▶ **GOAL OF THE EXERCISE**:
Give back the lines of the records exactly, starting at the first and ending at the one with "That's about it".

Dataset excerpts

════════════════════

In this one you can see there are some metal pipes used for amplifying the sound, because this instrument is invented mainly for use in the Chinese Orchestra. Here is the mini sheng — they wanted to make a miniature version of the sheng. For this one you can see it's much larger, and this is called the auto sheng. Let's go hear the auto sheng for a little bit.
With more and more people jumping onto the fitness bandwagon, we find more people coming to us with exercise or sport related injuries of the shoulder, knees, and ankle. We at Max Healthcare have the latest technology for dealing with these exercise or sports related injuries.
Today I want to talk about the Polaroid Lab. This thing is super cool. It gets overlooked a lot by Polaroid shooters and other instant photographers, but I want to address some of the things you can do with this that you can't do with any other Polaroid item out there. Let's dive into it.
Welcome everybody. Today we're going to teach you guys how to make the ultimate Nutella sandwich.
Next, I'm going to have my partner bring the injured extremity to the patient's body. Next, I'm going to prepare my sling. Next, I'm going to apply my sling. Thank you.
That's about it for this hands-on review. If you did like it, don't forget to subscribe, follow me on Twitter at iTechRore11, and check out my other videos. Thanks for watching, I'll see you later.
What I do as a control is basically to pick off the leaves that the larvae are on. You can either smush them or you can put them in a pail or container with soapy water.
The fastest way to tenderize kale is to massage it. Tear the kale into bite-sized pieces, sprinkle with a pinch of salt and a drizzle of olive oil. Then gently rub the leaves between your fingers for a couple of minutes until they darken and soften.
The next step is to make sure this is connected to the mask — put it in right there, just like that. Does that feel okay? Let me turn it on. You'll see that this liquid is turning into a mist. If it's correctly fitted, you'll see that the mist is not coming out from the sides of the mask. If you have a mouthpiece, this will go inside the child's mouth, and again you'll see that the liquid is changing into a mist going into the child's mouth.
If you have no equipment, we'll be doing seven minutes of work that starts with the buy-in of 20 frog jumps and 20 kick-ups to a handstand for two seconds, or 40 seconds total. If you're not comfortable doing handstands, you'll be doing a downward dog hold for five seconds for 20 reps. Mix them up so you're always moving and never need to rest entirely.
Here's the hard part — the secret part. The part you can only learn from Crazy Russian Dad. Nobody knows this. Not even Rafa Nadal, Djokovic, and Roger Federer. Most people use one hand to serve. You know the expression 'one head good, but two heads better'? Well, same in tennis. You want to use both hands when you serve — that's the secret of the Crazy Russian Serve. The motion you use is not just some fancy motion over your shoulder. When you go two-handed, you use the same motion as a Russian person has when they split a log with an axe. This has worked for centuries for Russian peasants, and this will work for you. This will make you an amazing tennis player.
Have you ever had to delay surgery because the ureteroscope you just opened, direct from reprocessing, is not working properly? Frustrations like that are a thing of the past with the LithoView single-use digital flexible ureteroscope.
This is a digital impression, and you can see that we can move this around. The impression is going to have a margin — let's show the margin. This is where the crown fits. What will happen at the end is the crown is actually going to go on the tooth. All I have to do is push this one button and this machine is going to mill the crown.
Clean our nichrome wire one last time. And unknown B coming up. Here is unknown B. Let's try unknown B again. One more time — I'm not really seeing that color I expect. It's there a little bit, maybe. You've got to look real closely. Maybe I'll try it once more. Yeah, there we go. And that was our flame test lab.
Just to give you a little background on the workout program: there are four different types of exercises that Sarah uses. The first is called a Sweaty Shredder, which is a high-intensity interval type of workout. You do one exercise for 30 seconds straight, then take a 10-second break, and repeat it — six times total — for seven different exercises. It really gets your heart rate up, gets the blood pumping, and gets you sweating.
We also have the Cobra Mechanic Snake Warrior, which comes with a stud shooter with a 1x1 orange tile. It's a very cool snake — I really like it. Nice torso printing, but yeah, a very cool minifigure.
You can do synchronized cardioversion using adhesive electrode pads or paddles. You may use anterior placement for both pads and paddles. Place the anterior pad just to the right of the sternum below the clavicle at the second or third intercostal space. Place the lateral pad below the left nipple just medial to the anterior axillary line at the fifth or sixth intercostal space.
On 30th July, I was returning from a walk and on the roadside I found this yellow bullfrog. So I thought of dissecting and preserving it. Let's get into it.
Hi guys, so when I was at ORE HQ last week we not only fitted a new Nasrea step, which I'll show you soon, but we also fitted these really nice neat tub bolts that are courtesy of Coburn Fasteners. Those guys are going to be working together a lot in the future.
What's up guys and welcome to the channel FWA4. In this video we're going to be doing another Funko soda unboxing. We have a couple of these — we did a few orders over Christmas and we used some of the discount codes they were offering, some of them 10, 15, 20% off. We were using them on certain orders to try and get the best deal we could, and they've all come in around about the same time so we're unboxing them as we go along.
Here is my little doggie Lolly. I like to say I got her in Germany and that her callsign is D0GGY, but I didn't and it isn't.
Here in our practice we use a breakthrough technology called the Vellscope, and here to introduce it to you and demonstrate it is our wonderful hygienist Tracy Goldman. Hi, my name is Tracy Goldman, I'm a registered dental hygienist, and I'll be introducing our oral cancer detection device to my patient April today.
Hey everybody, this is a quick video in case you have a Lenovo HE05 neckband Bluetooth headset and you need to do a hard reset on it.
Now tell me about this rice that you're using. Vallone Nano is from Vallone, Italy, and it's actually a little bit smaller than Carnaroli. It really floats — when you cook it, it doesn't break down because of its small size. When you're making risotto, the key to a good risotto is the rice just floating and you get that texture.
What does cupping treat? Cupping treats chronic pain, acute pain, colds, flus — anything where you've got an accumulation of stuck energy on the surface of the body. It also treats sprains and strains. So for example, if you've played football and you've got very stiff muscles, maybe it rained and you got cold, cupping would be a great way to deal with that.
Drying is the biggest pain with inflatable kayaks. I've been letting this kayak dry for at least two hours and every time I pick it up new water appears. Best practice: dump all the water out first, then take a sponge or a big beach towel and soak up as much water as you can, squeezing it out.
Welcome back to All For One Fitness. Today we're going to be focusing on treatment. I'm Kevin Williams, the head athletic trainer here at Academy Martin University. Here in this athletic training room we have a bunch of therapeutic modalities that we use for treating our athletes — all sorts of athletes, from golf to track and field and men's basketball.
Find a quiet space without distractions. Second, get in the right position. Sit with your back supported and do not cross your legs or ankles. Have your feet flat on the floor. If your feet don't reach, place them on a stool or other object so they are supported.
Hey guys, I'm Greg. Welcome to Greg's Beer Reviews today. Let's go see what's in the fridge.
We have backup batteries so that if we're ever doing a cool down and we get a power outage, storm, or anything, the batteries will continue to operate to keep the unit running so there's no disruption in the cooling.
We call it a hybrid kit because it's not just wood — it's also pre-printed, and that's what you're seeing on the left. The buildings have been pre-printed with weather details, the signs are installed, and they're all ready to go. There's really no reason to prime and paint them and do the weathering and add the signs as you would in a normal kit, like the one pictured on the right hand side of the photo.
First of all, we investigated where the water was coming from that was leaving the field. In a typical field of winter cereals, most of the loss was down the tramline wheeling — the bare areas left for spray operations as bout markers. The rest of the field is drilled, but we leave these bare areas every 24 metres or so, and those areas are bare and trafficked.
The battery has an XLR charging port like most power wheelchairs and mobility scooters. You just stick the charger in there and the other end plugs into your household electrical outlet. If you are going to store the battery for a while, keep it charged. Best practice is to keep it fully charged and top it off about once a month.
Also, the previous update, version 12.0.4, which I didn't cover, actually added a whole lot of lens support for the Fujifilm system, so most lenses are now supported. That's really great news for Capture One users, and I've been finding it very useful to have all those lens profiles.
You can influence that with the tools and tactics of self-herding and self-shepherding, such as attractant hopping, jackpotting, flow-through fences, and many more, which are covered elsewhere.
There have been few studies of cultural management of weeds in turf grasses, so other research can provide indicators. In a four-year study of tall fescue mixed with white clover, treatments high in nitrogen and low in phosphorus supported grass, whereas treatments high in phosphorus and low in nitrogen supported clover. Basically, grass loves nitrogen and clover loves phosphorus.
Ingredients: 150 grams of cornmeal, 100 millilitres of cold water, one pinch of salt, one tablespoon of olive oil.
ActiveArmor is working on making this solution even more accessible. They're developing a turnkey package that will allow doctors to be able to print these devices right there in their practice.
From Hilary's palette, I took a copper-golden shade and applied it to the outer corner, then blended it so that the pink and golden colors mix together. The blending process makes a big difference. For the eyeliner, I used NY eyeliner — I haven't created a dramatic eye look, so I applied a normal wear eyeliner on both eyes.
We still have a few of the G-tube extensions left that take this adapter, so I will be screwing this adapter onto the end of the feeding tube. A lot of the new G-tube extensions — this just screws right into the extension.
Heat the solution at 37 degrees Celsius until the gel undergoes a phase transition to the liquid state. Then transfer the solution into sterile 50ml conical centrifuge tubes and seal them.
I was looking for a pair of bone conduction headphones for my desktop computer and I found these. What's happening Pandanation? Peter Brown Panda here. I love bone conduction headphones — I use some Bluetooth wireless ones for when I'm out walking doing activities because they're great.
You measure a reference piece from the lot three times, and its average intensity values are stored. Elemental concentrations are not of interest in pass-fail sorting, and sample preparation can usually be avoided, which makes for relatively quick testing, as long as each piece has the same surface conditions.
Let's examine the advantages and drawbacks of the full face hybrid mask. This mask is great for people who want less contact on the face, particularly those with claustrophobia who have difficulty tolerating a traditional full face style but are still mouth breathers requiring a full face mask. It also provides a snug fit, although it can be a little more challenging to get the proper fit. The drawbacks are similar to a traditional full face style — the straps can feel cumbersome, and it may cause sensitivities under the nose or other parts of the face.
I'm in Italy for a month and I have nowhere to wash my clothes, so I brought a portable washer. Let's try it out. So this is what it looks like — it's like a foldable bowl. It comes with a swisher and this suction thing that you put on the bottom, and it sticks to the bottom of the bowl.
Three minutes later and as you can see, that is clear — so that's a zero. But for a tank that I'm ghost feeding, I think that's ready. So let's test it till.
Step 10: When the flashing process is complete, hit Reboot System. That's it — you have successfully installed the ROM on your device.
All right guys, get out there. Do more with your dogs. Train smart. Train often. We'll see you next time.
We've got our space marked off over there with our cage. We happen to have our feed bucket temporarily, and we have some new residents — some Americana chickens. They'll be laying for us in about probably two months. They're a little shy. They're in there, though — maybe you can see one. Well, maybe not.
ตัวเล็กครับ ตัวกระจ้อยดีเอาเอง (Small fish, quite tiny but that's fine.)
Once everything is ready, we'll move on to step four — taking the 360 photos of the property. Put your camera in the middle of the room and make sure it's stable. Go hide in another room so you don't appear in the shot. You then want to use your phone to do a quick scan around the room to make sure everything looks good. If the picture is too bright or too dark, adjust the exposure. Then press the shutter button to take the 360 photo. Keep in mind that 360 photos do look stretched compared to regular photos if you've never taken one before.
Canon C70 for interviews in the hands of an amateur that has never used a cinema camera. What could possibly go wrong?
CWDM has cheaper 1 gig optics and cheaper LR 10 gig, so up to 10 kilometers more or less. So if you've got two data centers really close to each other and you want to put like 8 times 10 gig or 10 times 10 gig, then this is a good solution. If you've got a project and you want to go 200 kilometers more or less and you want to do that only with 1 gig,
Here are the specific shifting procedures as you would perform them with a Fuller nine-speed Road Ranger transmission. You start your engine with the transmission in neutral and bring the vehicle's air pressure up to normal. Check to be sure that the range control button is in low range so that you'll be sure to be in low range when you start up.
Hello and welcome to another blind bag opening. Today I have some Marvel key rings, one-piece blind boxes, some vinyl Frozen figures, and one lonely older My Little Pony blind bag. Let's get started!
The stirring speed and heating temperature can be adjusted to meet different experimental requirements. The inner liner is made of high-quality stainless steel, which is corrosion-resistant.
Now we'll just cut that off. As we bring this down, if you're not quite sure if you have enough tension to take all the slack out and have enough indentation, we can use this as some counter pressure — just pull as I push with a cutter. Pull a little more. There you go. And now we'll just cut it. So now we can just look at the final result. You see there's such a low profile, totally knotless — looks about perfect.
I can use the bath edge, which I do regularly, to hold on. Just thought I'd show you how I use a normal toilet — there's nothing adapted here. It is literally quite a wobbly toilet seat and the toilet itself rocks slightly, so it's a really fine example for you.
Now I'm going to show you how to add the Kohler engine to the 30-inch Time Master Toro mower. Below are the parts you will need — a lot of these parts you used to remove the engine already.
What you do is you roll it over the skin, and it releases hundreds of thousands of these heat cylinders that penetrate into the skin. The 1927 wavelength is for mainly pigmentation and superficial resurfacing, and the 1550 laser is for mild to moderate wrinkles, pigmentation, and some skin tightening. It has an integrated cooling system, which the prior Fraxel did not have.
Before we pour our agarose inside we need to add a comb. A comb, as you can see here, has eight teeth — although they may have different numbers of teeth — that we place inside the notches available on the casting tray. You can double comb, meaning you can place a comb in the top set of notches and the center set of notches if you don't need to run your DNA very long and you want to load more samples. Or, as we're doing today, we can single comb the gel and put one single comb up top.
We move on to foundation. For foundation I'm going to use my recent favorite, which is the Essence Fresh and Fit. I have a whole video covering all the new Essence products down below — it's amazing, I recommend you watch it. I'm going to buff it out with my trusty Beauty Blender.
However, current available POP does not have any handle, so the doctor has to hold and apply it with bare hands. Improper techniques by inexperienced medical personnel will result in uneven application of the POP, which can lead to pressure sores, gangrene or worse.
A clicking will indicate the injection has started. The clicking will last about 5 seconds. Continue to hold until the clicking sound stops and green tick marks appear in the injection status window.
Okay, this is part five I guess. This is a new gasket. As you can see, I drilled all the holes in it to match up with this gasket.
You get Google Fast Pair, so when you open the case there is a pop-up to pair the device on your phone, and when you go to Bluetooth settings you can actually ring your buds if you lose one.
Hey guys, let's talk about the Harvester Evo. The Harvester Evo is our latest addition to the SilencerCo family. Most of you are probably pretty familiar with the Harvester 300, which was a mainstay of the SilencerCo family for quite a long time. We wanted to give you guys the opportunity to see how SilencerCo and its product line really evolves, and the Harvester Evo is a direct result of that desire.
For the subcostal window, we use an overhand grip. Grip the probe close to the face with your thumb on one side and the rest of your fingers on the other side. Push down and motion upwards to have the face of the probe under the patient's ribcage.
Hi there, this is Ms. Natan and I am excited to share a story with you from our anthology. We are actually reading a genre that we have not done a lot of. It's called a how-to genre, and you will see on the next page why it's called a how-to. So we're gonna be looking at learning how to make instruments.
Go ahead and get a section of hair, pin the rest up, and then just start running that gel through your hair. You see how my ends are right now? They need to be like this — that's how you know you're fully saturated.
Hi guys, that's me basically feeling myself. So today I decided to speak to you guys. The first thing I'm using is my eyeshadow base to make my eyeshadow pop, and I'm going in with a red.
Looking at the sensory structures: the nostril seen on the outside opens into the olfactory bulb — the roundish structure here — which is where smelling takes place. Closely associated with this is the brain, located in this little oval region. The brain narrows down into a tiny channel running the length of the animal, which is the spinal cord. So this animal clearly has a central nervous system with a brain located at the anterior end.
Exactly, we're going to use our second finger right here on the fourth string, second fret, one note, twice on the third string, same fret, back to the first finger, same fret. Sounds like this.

════════════════════

▶ **THE COMPLETED TASK**:
In this one you can see there are some metal pipes used for amplifying the sound, because this instrument is invented mainly for use in the Chinese Orchestra. Here is the mini sheng — they wanted to make a miniature version of the sheng. For this one you can see it's much larger, and this is called the auto sheng. Let's go hear the auto sheng for a little bit.
With more and more people jumping onto the fitness bandwagon, we find more people coming to us with exercise or sport related injuries of the shoulder, knees, and ankle. We at Max Healthcare have the latest technology for dealing with these exercise or sports related injuries.
Today I want to talk about the Polaroid Lab. This thing is super cool. It gets overlooked a lot by Polaroid shooters and other instant photographers, but I want to address some of the things you can do with this that you can't do with any other Polaroid item out there. Let's dive into it.
Welcome everybody. Today we're going to teach you guys how to make the ultimate Nutella sandwich.
Next, I'm going to have my partner bring the injured extremity to the patient's body. Next, I'm going to prepare my sling. Next, I'm going to apply my sling. Thank you.
That's about it for this hands-on review. If you did like it, don't forget to subscribe, follow me on Twitter at iTechRore11, and check out my other videos. Thanks for watching, I'll see you later.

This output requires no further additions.